**Collected material**
*** Begin section ***

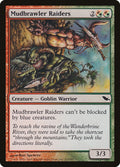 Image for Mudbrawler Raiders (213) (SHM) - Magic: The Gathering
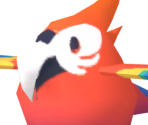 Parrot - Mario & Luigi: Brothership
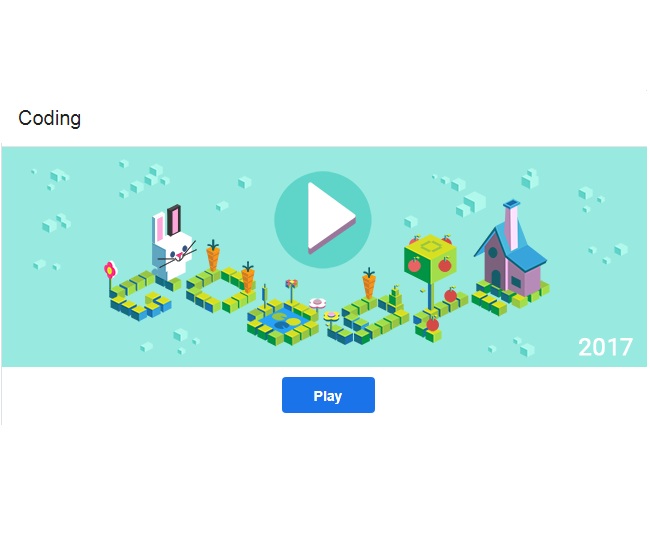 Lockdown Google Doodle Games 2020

*** End section ***

**What needs to be done**
Would you set down the material exactly as it stands, without the pictures?

**Result of this exercise**
 Image for Mudbrawler Raiders (213) (SHM) - Magic: The Gathering
 Parrot - Mario & Luigi: Brothership
 Lockdown Google Doodle Games 2020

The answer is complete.